Our model, based on 2D-US and CEUS key frames radiomics features, had good diagnostic efficacy for thyroid nodules, which are classified as C-TIRADS 4. It shows promising potential in assisting less experienced junior radiologists.
应用机器学习从甲状腺二维超声(2D-US)联合对比增强超声(CEUS)图像中提取影像组学特征,对根据中文版甲状腺影像报告和数据系统(C-TIRADS)分类为 4 类的良性和恶性甲状腺结节进行分类和预测。
本回顾性研究纳入了 313 例经病理诊断的甲状腺结节(203 例恶性和 110 例良性)。选择 2 个 2D-US 图像和 5 个 CEUS 关键帧(“到达时间后 2 秒”帧、“达峰时间”帧、“达峰后 2 秒”帧、“首闪”帧和“次闪”帧),使用“Labelme”工具手动标记感兴趣区域。每个结节的 7 张图像及其标注均被导入 Darwin Research Platform 进行影像组学分析。数据集以 9:1 的比例随机分为训练集和测试集。使用支持向量机、逻辑回归、决策树、随机森林(RF)、梯度提升决策树和极端梯度提升等 6 种分类器构建和测试模型。使用受试者工作特征曲线分析评估性能。计算曲线下面积(AUC)、敏感度、特异度、阳性预测值(PPV)、阴性预测值(NPV)、准确性(ACC)和 F1 评分。
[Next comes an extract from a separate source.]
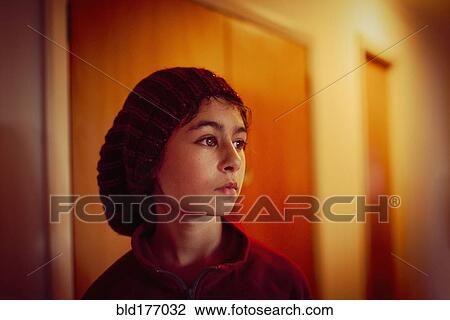 Stock Image - Mixed race girl standing in hallway. Fotosearch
一位初级放射科医生和一位高级放射科医生回顾了每个结节的 2D-US 图像和 CEUS 视频,并做出诊断。然后,我们将他们的 AUC 和 ACC 与我们最佳模型的 AUC 和 ACC 进行了比较。
初级放射科医生和高级放射科医生诊断 US、CEUS 和 US 联合 CEUS 的 AUC 分别为 0.755、0.750、0.784、0.800、0.873、0.890。RF 分类器的表现优于其他五种,其在训练集的 AUC 为 1,在测试集的 AUC 为 0.94(95%置信区间 0.88-1)。RF 模型在测试集的灵敏度、特异度、准确性、PPV、NPV 和 F1 评分分别为 0.82、0.93、0.90、0.85、0.92 和 0.84。RF 模型结合 2D-US 和 CEUS 关键帧的表现与高级放射科医生相当(AUC:0.94 与 0.92, = 0.798;ACC:0.90 与 0.92),且优于初级放射科医生(AUC:0.94 与 0.80, = 0.039,ACC:0.90 与 0.81)。
我们的模型基于 2D-US 和 CEUS 关键帧的影像组学特征,对 C-TIRADS 4 类甲状腺结节具有良好的诊断效能。它在辅助经验较少的初级放射科医生方面具有很大的潜力。